--- Data extracts ---
______________________________
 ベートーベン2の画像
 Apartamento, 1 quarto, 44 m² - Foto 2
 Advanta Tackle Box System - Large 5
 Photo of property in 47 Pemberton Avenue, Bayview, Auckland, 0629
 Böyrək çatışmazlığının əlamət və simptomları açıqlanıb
______________________________
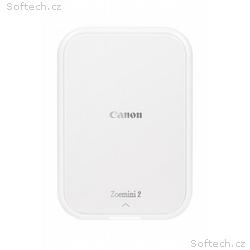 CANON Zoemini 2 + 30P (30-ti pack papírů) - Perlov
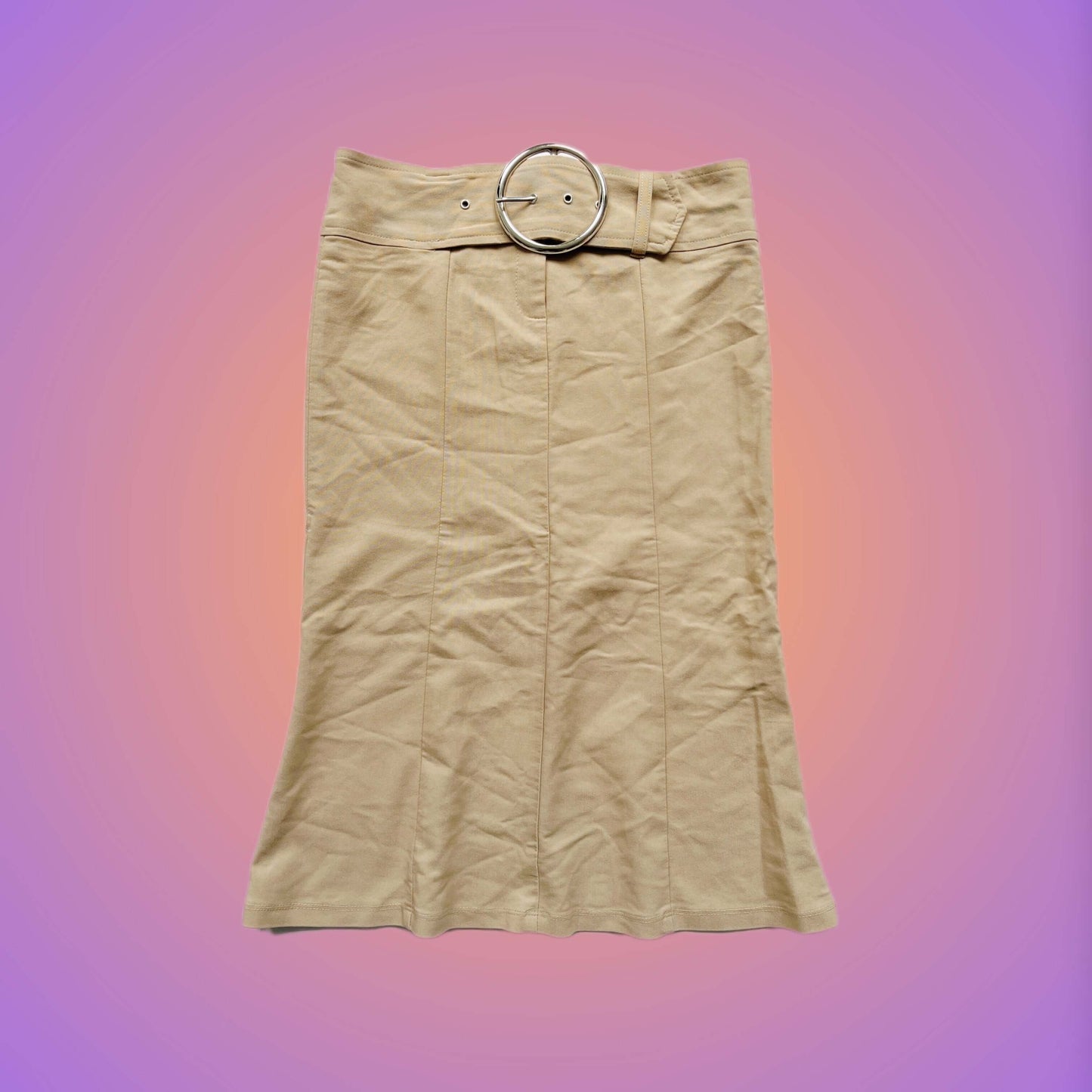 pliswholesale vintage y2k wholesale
______________________________
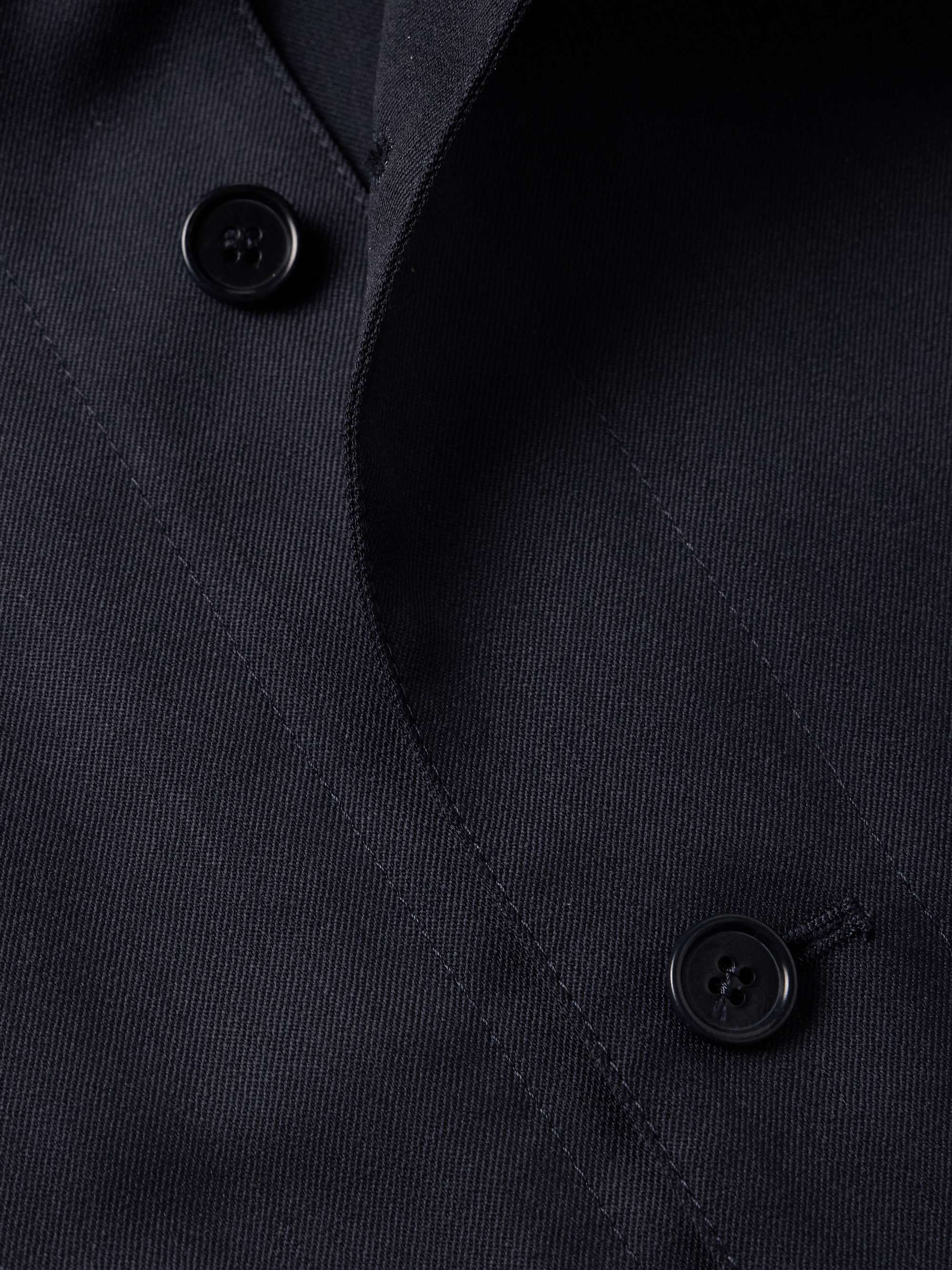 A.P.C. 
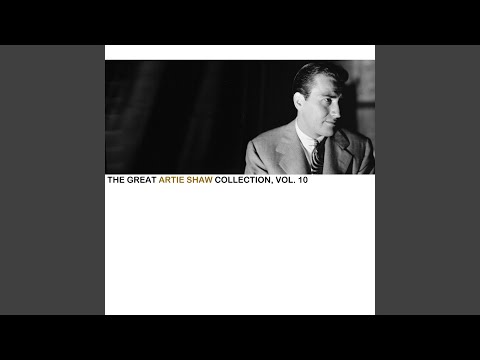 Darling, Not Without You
______________________________
--- What the task requires ---
Please give back exactly the lines of this listing beginning at the line with "Advanta Tackle Box System - Large 5" and ending with the line with "Böyrək çatışmazlığının əlamət", both included, and nothing else.

--- Task output ---
 Advanta Tackle Box System - Large 5
 Photo of property in 47 Pemberton Avenue, Bayview, Auckland, 0629
 Böyrək çatışmazlığının əlamət və simptomları açıqlanıb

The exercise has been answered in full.